• Exercise aim: From the records below, please repeat exactly the line that has "Esempio di un", the line that has "bride holds wedding", and every line between them, and nothing else.

-- Material supplied follows --

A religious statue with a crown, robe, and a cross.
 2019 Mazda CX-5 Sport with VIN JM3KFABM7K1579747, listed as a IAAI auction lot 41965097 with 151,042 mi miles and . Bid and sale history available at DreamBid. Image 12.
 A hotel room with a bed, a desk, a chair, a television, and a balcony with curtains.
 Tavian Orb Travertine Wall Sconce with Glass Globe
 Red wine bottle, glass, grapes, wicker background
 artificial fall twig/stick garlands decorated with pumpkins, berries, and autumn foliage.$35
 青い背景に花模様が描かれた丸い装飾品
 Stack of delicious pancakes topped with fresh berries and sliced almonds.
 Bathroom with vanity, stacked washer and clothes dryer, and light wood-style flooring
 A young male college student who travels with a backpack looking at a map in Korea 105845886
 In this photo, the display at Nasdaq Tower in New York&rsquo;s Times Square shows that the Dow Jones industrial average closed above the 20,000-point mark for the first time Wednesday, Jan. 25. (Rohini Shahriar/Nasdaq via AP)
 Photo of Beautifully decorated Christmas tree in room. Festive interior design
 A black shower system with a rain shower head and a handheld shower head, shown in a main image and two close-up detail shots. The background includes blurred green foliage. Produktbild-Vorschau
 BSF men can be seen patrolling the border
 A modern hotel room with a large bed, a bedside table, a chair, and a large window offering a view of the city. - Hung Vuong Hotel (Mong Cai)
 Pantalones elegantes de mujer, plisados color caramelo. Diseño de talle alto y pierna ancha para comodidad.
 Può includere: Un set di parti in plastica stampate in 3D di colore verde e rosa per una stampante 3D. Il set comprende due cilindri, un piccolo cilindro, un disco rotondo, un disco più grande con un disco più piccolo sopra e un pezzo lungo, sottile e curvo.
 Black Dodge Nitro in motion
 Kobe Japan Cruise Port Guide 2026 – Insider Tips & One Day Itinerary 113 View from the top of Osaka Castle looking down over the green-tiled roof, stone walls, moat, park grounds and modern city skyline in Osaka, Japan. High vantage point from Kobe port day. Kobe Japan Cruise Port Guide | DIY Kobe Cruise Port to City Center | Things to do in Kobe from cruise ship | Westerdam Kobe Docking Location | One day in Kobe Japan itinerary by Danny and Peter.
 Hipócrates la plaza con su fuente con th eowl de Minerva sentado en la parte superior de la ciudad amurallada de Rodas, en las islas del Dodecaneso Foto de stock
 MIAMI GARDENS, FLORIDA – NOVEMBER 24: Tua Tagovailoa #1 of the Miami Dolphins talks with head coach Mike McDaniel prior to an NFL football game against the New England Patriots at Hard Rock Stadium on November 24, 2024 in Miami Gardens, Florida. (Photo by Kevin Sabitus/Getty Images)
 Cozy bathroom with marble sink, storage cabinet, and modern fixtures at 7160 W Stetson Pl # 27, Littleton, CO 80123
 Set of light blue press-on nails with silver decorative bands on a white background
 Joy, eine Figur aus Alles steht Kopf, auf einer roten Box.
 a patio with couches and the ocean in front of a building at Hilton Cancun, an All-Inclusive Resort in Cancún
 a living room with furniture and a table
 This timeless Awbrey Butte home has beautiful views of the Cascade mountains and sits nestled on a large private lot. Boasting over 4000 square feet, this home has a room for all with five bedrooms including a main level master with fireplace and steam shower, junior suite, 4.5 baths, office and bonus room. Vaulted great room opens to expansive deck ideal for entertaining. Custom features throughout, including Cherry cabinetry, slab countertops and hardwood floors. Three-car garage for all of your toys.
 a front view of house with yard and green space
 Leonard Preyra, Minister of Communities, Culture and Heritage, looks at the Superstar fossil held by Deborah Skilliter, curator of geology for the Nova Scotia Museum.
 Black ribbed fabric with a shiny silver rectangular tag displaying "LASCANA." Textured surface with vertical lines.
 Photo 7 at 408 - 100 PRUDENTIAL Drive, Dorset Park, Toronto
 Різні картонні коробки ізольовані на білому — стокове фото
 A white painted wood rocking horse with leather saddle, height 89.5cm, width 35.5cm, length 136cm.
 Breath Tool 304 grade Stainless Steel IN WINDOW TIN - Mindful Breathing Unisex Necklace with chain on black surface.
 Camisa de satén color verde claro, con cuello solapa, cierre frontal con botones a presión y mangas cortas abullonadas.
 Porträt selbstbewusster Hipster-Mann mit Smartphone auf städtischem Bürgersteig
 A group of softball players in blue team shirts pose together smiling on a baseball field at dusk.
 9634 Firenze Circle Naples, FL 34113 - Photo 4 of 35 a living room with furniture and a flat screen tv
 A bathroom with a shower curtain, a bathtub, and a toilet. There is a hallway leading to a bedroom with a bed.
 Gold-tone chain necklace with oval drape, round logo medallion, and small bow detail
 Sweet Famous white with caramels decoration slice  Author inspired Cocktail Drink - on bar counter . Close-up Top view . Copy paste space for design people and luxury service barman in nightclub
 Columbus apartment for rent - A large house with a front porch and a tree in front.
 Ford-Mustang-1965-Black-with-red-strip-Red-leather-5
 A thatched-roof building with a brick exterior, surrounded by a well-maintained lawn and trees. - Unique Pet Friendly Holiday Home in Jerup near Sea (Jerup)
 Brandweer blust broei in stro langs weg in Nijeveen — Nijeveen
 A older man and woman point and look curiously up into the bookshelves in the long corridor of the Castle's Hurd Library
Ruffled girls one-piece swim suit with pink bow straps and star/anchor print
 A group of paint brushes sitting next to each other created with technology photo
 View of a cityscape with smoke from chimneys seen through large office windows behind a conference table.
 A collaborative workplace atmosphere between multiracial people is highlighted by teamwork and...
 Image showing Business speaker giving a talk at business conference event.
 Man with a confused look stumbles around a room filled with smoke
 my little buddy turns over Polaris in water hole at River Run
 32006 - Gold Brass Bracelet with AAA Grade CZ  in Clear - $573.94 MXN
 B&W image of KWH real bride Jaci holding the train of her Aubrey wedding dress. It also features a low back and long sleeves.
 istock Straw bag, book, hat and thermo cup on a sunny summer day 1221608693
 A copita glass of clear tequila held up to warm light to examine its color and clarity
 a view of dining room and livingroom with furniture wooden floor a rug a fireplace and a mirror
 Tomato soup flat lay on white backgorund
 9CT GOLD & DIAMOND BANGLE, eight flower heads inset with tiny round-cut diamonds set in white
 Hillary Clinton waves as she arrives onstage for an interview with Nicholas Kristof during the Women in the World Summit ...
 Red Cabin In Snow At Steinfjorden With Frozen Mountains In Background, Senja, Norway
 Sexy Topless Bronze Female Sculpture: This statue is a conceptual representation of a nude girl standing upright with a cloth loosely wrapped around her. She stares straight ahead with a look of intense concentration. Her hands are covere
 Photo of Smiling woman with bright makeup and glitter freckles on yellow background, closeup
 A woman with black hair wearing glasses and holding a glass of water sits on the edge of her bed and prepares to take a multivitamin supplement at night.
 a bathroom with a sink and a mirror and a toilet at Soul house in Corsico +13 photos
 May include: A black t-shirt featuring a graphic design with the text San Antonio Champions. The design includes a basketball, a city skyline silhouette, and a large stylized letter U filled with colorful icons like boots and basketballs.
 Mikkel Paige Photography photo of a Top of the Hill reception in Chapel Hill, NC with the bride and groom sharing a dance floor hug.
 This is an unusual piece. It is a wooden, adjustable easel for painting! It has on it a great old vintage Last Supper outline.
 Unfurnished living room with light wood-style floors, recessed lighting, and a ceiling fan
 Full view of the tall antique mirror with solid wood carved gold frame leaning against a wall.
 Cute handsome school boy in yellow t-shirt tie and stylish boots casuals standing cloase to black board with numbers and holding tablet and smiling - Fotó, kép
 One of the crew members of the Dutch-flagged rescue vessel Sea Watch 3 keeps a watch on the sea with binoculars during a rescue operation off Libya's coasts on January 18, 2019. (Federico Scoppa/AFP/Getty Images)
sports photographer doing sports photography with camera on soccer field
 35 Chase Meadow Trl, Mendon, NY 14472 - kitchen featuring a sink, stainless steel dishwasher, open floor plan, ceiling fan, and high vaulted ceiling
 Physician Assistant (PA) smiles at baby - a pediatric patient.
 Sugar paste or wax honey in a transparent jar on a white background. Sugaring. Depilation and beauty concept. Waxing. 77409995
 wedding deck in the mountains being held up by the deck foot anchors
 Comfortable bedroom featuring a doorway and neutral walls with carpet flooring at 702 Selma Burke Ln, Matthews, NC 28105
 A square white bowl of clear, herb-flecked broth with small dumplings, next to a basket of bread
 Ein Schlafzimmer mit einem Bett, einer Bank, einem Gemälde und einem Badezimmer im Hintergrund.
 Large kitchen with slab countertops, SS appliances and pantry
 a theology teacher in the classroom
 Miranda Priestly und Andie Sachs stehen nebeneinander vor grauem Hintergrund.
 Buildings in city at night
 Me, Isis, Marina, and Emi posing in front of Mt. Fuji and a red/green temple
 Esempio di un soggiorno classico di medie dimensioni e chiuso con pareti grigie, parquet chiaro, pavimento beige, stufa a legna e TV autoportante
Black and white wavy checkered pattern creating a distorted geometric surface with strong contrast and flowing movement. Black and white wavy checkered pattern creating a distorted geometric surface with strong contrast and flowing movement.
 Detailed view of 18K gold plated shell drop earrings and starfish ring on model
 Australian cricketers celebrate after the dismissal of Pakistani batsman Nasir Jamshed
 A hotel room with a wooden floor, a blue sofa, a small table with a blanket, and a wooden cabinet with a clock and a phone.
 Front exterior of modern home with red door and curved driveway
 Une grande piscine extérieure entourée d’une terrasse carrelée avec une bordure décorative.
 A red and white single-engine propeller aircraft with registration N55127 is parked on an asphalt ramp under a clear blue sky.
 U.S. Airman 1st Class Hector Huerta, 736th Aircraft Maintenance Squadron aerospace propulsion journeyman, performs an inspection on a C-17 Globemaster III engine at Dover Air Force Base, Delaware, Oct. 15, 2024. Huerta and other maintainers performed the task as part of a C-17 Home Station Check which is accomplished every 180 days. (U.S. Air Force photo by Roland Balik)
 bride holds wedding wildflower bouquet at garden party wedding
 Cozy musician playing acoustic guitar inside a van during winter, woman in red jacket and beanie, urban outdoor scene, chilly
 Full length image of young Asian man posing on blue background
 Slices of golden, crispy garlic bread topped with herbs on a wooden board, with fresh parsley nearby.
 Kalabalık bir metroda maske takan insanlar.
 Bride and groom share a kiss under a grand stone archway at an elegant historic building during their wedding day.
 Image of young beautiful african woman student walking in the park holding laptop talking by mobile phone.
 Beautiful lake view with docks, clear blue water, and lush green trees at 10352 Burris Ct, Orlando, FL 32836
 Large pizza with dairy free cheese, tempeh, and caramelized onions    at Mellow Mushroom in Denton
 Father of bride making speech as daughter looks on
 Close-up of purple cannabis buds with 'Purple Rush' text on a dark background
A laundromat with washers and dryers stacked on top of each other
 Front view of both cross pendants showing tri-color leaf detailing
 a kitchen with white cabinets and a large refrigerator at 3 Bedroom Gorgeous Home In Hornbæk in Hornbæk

-- Material supplied concluded --

• Output for this exercise:
 Esempio di un soggiorno classico di medie dimensioni e chiuso con pareti grigie, parquet chiaro, pavimento beige, stufa a legna e TV autoportante
Black and white wavy checkered pattern creating a distorted geometric surface with strong contrast and flowing movement. Black and white wavy checkered pattern creating a distorted geometric surface with strong contrast and flowing movement.
 Detailed view of 18K gold plated shell drop earrings and starfish ring on model
 Australian cricketers celebrate after the dismissal of Pakistani batsman Nasir Jamshed
 A hotel room with a wooden floor, a blue sofa, a small table with a blanket, and a wooden cabinet with a clock and a phone.
 Front exterior of modern home with red door and curved driveway
 Une grande piscine extérieure entourée d’une terrasse carrelée avec une bordure décorative.
 A red and white single-engine propeller aircraft with registration N55127 is parked on an asphalt ramp under a clear blue sky.
 U.S. Airman 1st Class Hector Huerta, 736th Aircraft Maintenance Squadron aerospace propulsion journeyman, performs an inspection on a C-17 Globemaster III engine at Dover Air Force Base, Delaware, Oct. 15, 2024. Huerta and other maintainers performed the task as part of a C-17 Home Station Check which is accomplished every 180 days. (U.S. Air Force photo by Roland Balik)
 bride holds wedding wildflower bouquet at garden party wedding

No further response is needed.